最後の方が眠気で変な感じに書いてしまったかもしれません。もし違和感等を感じたら遠慮無くご指摘下さい。

ミロガス王国の上空に二つの影がある。一つは身長約170cm程の黒髪黒眼少年。もう一つは200cm以上ある巨大な蝿……否、蝿のような生物。


「無理無理無理無理気持ち悪過ぎるっての!何お前⁉︎何お前⁉︎」


「ええい!煩い!私だって自分の見た目くらい知っておるわ!」


黒髪の少年、間上 和人がそう言うと蝿のような生物、ベルゼブブ(本気モード)がそう返す。一見ただの喧嘩に見えるが、彼等が放っている魔力は、常人の意識を一瞬にして刈り取るレベルだ。ミロガス王国の人々が倒れ無いのは、距離が離れている事と、魔力慣れしている事が理由だろう。


「もう無理!気持ち悪いから速攻で終わらせる!」


「ふん!やれるものならやってみろ!本気を出した私は強いぞ!逆に貴様を八つ裂きにしてくれる!」


ベルゼブブから先程とは比べ物にならない程の濃密な魔力が溢れる。


「私の本気の魔法、受けれる物なら受けてみろ!」


ベルゼブブが放とうとしている魔法は明らかに神級の威力を誇っていた。恐らく和人ごとミロガス王国を消し飛ばそうとしているのだろう。


「【闇の裁き(ダークジャッジメント)】」


ゴウッ!と言う音と共に、全てを呑み込まんばかりの闇がベルゼブブから溢れて来た。

溢れた闇は和人と、その背後にあるミロガス王国目掛けて襲い掛かる。このまま和人が闇に呑み込まれて死んでしまうと誰もが思ったその瞬間、和人の体から黄金の炎が迸り出した。

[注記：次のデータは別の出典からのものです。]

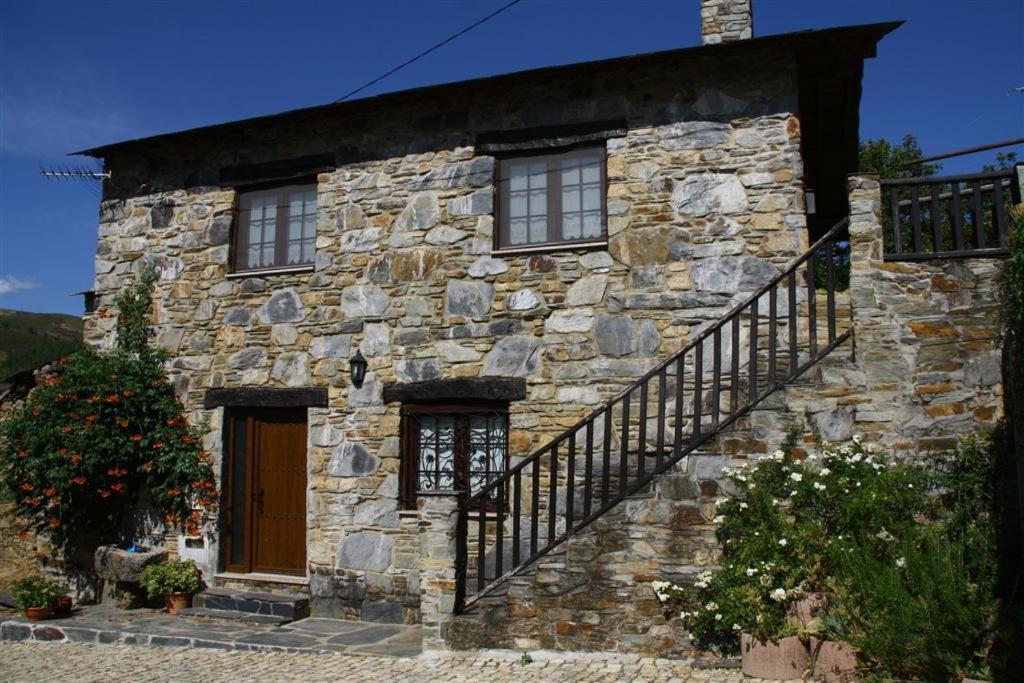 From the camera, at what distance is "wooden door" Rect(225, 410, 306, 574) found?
8.61m

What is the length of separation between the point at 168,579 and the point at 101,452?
151 cm

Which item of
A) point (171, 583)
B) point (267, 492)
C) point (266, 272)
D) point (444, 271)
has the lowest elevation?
point (171, 583)

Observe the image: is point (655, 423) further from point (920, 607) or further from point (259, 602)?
point (259, 602)

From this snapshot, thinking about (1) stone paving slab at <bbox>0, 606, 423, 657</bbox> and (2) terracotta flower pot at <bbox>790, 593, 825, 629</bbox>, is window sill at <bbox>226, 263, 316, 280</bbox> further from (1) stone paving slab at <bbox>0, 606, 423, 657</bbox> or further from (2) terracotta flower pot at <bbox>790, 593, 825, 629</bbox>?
(2) terracotta flower pot at <bbox>790, 593, 825, 629</bbox>

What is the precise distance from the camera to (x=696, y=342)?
6016mm

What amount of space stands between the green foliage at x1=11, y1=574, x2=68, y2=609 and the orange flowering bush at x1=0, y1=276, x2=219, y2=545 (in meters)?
0.79

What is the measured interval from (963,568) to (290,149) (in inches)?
290

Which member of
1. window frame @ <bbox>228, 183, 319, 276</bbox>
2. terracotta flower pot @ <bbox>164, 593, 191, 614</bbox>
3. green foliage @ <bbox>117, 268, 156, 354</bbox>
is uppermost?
window frame @ <bbox>228, 183, 319, 276</bbox>

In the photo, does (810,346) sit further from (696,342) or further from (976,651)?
(976,651)

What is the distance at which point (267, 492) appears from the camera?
877cm

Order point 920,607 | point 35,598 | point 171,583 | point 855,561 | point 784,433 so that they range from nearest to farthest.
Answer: point 920,607, point 855,561, point 784,433, point 35,598, point 171,583

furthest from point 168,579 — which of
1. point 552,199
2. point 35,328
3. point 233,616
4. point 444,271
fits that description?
point 35,328

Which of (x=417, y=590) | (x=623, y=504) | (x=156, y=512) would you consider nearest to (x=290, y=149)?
(x=156, y=512)

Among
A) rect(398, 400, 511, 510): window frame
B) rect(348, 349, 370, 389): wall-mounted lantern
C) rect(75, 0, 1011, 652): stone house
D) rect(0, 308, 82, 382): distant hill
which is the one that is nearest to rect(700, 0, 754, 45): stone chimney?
rect(75, 0, 1011, 652): stone house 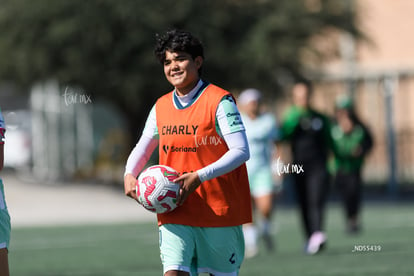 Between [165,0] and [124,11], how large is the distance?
3.68 feet

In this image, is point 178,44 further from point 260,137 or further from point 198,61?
point 260,137

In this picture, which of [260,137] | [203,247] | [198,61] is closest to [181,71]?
[198,61]

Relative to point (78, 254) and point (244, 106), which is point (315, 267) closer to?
point (244, 106)

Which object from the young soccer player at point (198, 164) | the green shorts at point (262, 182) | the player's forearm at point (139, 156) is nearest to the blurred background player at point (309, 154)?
the green shorts at point (262, 182)

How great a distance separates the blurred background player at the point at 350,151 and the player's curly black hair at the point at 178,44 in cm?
1167

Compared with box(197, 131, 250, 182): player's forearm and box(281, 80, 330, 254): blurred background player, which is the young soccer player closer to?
box(197, 131, 250, 182): player's forearm

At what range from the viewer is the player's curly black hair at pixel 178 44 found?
663 cm

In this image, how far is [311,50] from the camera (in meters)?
28.0

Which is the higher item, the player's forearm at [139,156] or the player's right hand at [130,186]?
the player's forearm at [139,156]

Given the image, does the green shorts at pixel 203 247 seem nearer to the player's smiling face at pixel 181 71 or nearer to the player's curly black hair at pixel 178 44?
the player's smiling face at pixel 181 71

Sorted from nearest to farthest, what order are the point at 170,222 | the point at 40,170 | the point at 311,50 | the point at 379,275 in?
the point at 170,222 → the point at 379,275 → the point at 311,50 → the point at 40,170

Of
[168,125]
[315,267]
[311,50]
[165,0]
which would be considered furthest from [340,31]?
[168,125]

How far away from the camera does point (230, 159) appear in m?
6.41

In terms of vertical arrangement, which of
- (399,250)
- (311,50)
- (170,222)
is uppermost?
(311,50) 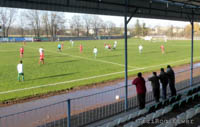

「光属性と炎属性の混合魔法【光炎の衣(フレイムオーラ)】。この魔法は闇属性を侵食する!」


和人のデタラメな魔力で発動された魔法は、和人に襲い掛かって来た闇を逆に呑み込み、ミロガス王国の方向に向かった物も悉く光の炎に呑まれて行った。


「な、何、だと……」


「油断するなよな?」


余りの出来事に唖然とするベルゼブブ。しかし和人がそんな隙を見逃すはずも無く、闇を全て呑み込んだ光の炎を今度はベルゼブブに向かって放った。

唖然としていたベルゼブブにこれを躱す事など出来る訳も無く、ベルゼブブの体は光の炎に覆われた。


「なっ⁉︎……ムグ、ガッ……グオオオオオッ!」


光の炎に全身を覆われたベルゼブブは、その体をどんどん失って行き、遂には全身が失くなってしまった。後に残ったのはベルゼブブを呑み込んだ光の炎だけであった。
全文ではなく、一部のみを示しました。